>>>

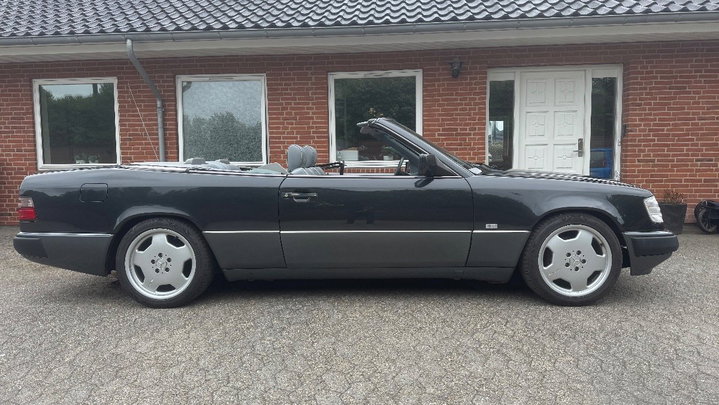 Mercedes-Benz E-Class E-Klasse (W124) cabriolet
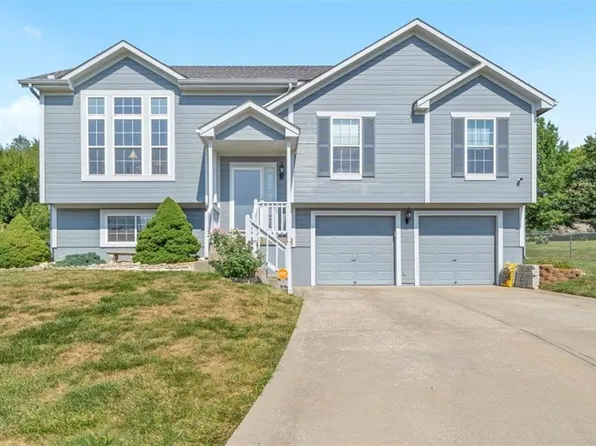 302 Lacy Ct, Belton, MO 64012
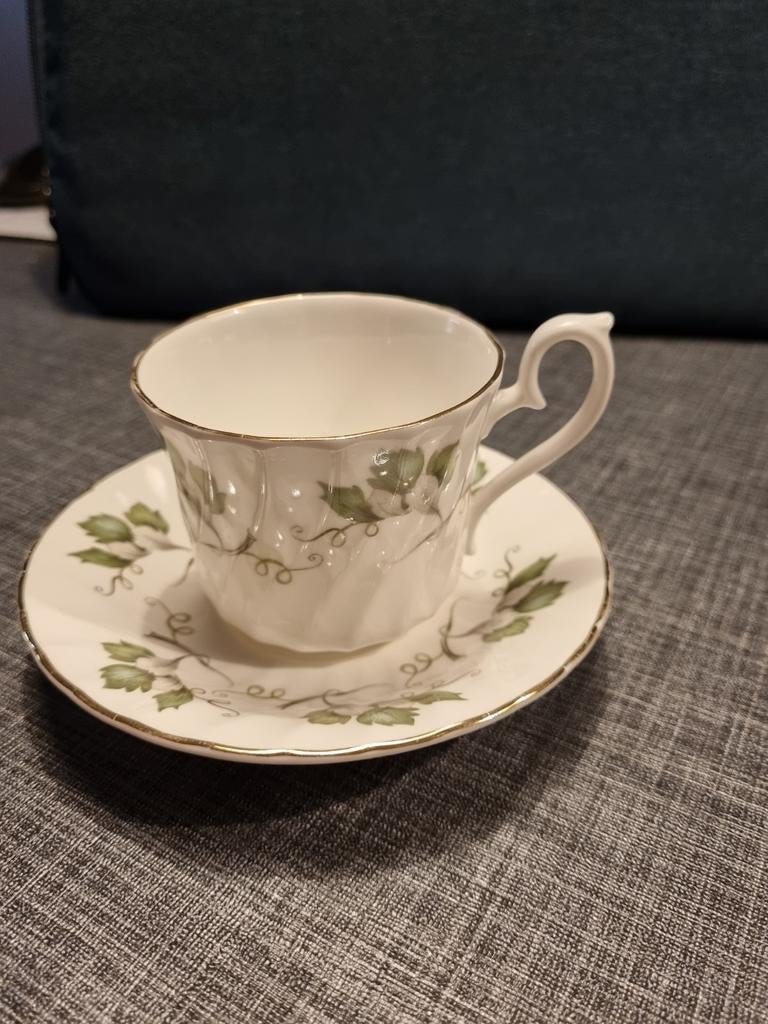 Vintage Engelse kop en schotel, Ophalen of Verzenden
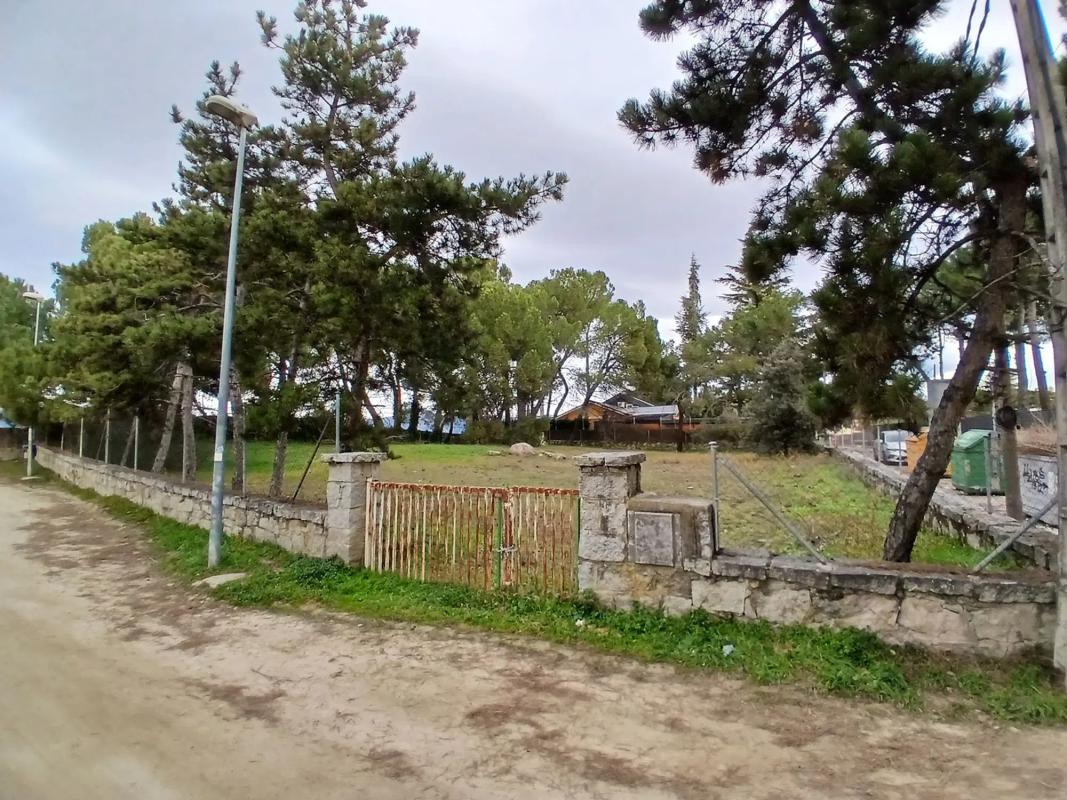 Land for sale in Guadarrama, Madrid photo 1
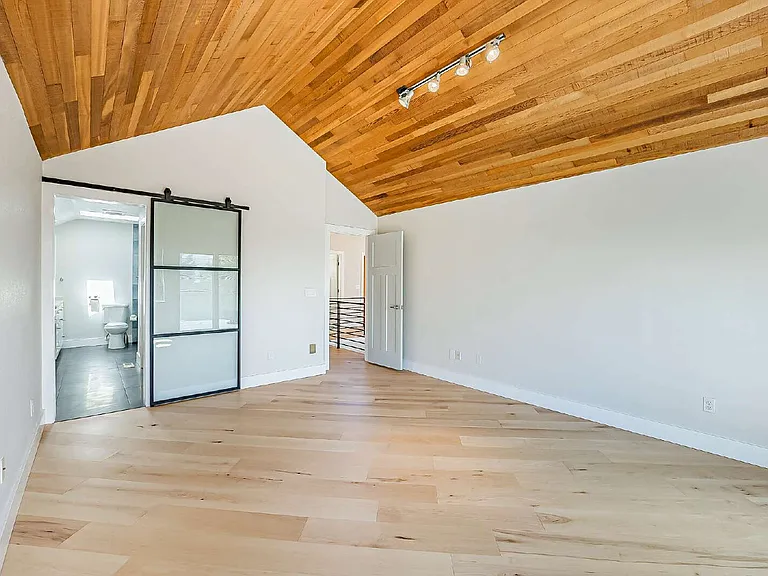 4634 Lighthouse Dr NE — Photo 55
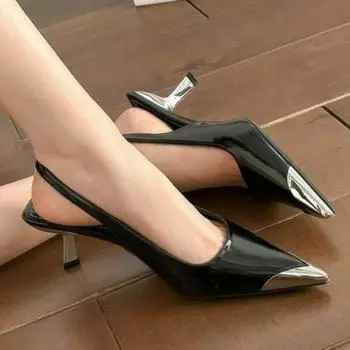 Сандалии Baotou Весна Новые металлические заостренные носки с неглубоким горлом и металлической пряжкой A Word с противоскользящей износостойкой обувью на низком каблуке 35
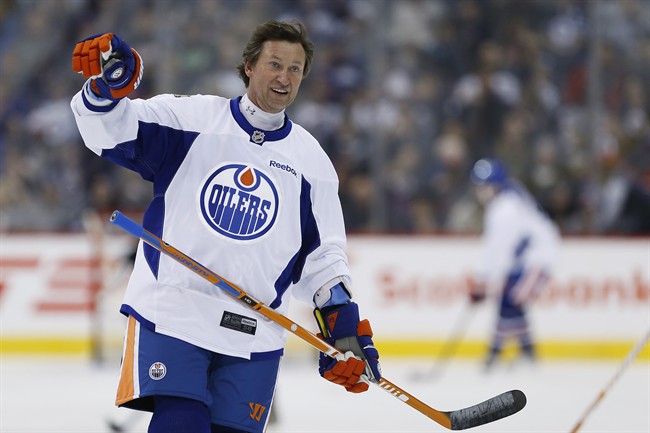 Former Edmonton Oilers Wayne Gretzky waves to the crowd during a practice for the NHL's Heritage Classic Alumni game in Winnipeg on Friday, October 21, 2016.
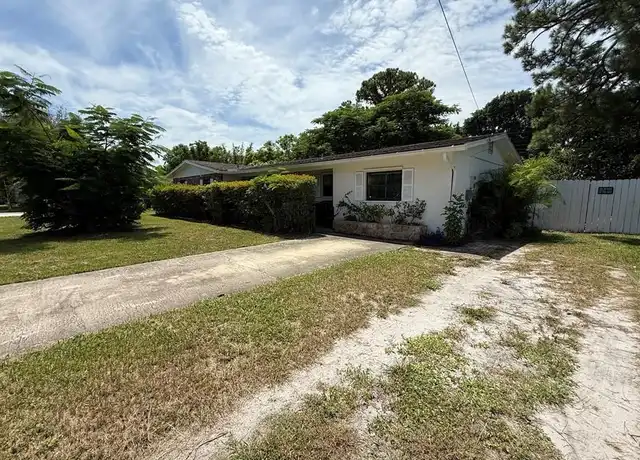 Property at 1002 SE 15th Ct, Stuart, FL, 34996, 4 beds, 2 baths, [object Object]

<<<

Each line from the one with "Land for sale in Guadarrama, Madrid photo 1" through the end of the entries should be reproduced exactly. Leave out the pictures.

 Land for sale in Guadarrama, Madrid photo 1
 4634 Lighthouse Dr NE — Photo 55
 Сандалии Baotou Весна Новые металлические заостренные носки с неглубоким горлом и металлической пряжкой A Word с противоскользящей износостойкой обувью на низком каблуке 35
 Former Edmonton Oilers Wayne Gretzky waves to the crowd during a practice for the NHL's Heritage Classic Alumni game in Winnipeg on Friday, October 21, 2016.
 Property at 1002 SE 15th Ct, Stuart, FL, 34996, 4 beds, 2 baths, [object Object]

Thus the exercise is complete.